Back in September, when Sophie first started daycare, we braced ourselves for rough mornings — for both Soph and her parents. We’d just spent almost a year in a cocoon where everything revolved around figuring out routines and getting to know each other. We sometimes watch the Brit cartoon Everything’s Rosie in the morning, and I often sing “Everything’s Sophie” during the theme song instead (yes, I’m a dork. No, I’m not worried about it). That’s how the first year felt. And then all of a sudden, we had to figure out how to go back into the world. And Soph seemed to know it, too. She cried every morning when we took her to daycare (not for long, but long enough to break her mom and dad’s hearts a little), and it lasted until just a couple of weeks ago.

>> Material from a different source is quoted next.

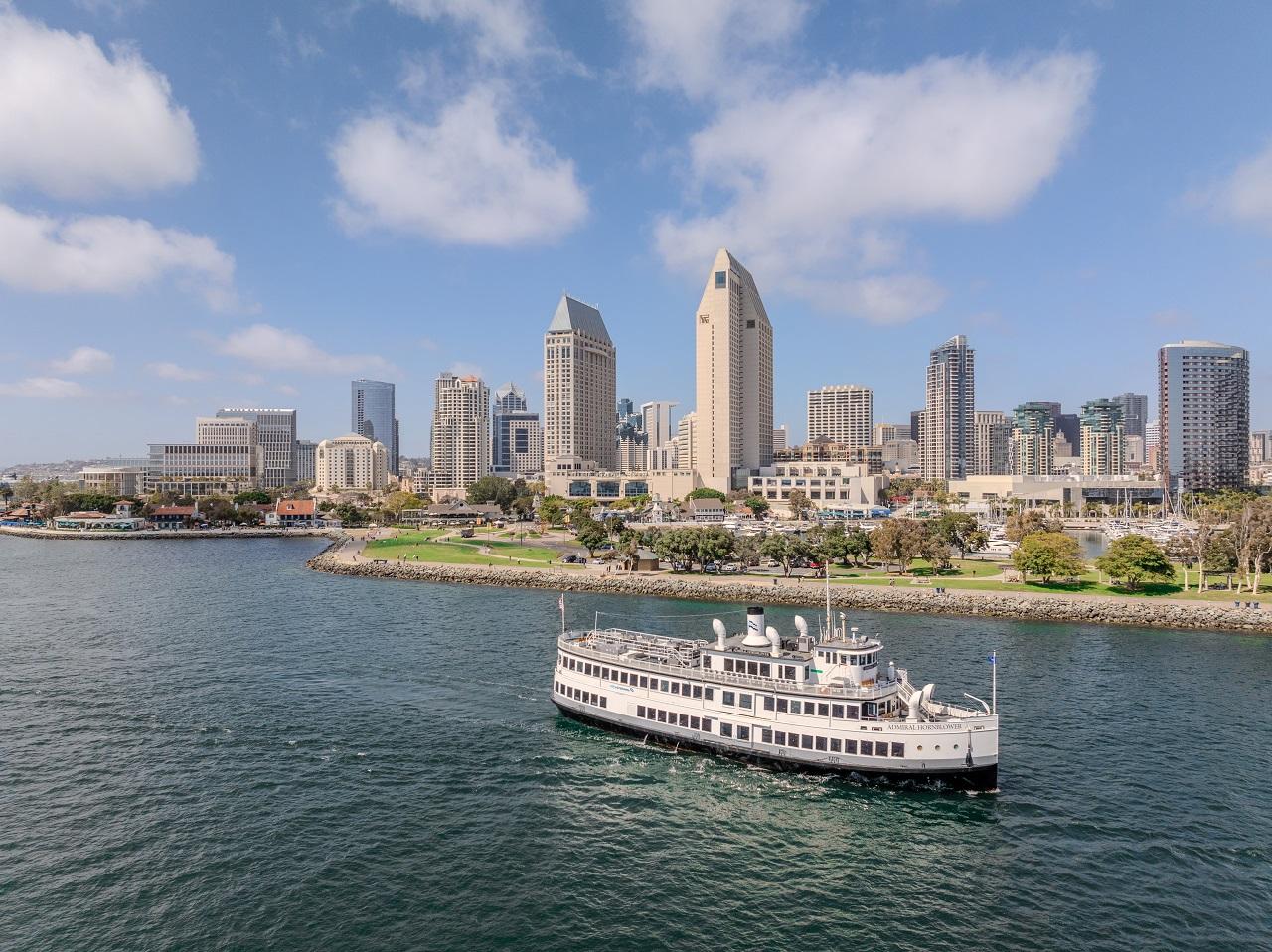 San Diego: City Cruises Best of the Bay Scenic Harbor Tour – San Diego, California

And then all of a sudden, she stopped with the waterworks. One morning, she kicked her feet in joy as we took her coat off and she reached out for M, her daycare teacher. Happy noises ensued as Blaine and I inched out the door. Not even a backward glance as she joined the other kids for breakfast (or second breakfast, in Soph’s case; she’s a little like a Hobbit that way). And I was surprised to feel a niggling sadness. My stern inner voice (who always wears business suits and has a very severe bun) said, “Stop it. Stop it right now. You don’t want her to cling to you forever. This is a good sign.” I tried to listen — really, I did — but I thought about it all day that day. The next morning was more of the same. Boots off, coat off, happy little girl ready to play. Not a tear in sight. It has been two weeks, and now it’s the norm.
Don’t misunderstand me: I do not like it when my child cries. I don’t want her to be unhappy at daycare and I would never let on to her that I feel anything but elation at the change in her reaction during drop-off. It just feels something akin to that moment of sadness when I have to pack up more tiny clothes that don’t fit anymore, but in this case it’s more than just physical growth. It’s emotional and intellectual instead.
When we pick her up, she’s always over the moon to see us and I look forward to that minute all day long. But now she speedily crawls away from our outstretched arms to show us a toy or to get a few more minutes of playtime in before facing the dreaded car seat. Shades of things to come, I’m sure. That inner voice is already ramping up for that day, making lists of reprimands when I feel a little sad that she doesn’t want to come home from the playground or wants to go to overnight camp. It’s all good. I know that. It’s just another one of those mommy things, I guess.